Brian Soucek, a law professor at the University of California at Davis, assures readers that diversity statements “are constitutional — at least if they are done the right way” and reveals that the University of California is changing its approach to their utilization accordingly. In so doing, he effectively admits that earlier criticisms of the legality of diversity statements, including mine, were in fact correct, which is why changes were needed. Alas, Professor Soucek does not openly acknowledge that the critics were right, even as he misleads readers about our views and offers false assurance to proponents of diversity statements at public universities.
Referring to my argument that Berkeley’s use of diversity statements was unconstitutional “viewpoint discrimination,” Soucek attacks a strawman: “Critics often say that public universities, bound as they are by the First Amendment, can’t discriminate against students and employees based on their viewpoint.” I said nothing of the kind. I said, correctly, that “Government cannot, excluding a few exceptions such as political appointments, base a hiring decision on the speaker’s political viewpoint.” That Soucek “engaged in rampant viewpoint discrimination,” as he puts it, when he graded students’ exams, is irrelevant: As Soucek admits, you cannot mark down a chemistry exam because the student opposes abortion. So, too, you cannot decline to hire a faculty job candidate who believes in affirmative action for African Americans as a remedial measure, but not in the “diversity” rationale that the Supreme Court invented in 1978.
Soucek complains that critics “assum[e] rather than argu[e] that DEI contributions are not part of the job description for most academics,” and he quotes my observation that diversity has “little or no relationship to a faculty member’s pedagogical and scholarly duties.” He omits, however, that I was explicitly criticizing Berkeley’s diversity requirement, according to which a job applicant’s diversity statement would get a low score if he or she “describes only activities that are already the expectation of Berkeley faculty (mentoring, treating all students the same regardless of background, etc.).” In other words, Berkeley’s diversity requirement explicitly distinguished a commitment to the diversity ideology from a faculty member’s other pedagogical duties. If Berkeley and other campuses are abandoning this requirement, so much the better.
The key to lawful diversity statements, Soucek suggests, is that they be imposed under the umbrella of academic freedom: “Academic excellence, both pedagogical and scholarly, within a given field can only be defined by experts within that discipline, not by administrators, donors, legislators, or the general public.” Berkeley and other UC campuses can avoid legal problems, in other words, as long as diversity requirements represent “criteria experts within the discipline conscientiously judge to be relevant to the job.”
Absent evidence that a particular discipline views diversity as relevant to the job, a rogue department could simply appeal to academic freedom as a mere pretext for unlawful viewpoint discrimination.

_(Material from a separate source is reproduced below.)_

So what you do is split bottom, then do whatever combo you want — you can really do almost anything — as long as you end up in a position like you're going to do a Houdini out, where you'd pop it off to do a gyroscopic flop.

University leaders should take note: This rationale would rule out almost all existing university diversity-statement requirements, which are administratively imposed. (Soucek concedes as much.) To meet Soucek’s proposed standard, departments must be able to decide on their own if actions in support of “diversity” (as distinct from the usual pedagogical duties of faculty) are relevant to the job. And it must further be the case that peers in that department’s discipline at other universities concur such actions are relevant to successful pedagogy in that discipline.
Those are demanding standards that no existing diversity-statement schemes meet. I am skeptical that many will. Under these standards, it must be genuinely optional for departments to require diversity statements: They must be free to exercise their academic judgment to the effect that such statements serve no purpose in their discipline. Second, it is not enough that a particular department claims that “diversity” statements are relevant; it must really be the case that disciplinary peers concur. That is how tenure decisions work, after all: Departments seek the expert opinion of disciplinary peers elsewhere in evaluating whether the candidate’s work meets the relevant standards of excellence. Absent evidence that a particular discipline views diversity as relevant to the job, a rogue department could simply appeal to academic freedom as a mere pretext for unlawful viewpoint discrimination.

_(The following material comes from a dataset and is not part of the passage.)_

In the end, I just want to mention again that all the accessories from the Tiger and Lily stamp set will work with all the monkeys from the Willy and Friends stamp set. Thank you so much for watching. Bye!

This suggests a final problem. Suppose members of the economics discipline decided that actions in support of “capitalism” were “relevant to the job.” Does that mean economics departments at public universities could exclude candidates who do not demonstrate in practice their commitment to capitalism? One hopes that courts would approach with skepticism such an imposition of ideological conformity under the pretext of academic freedom.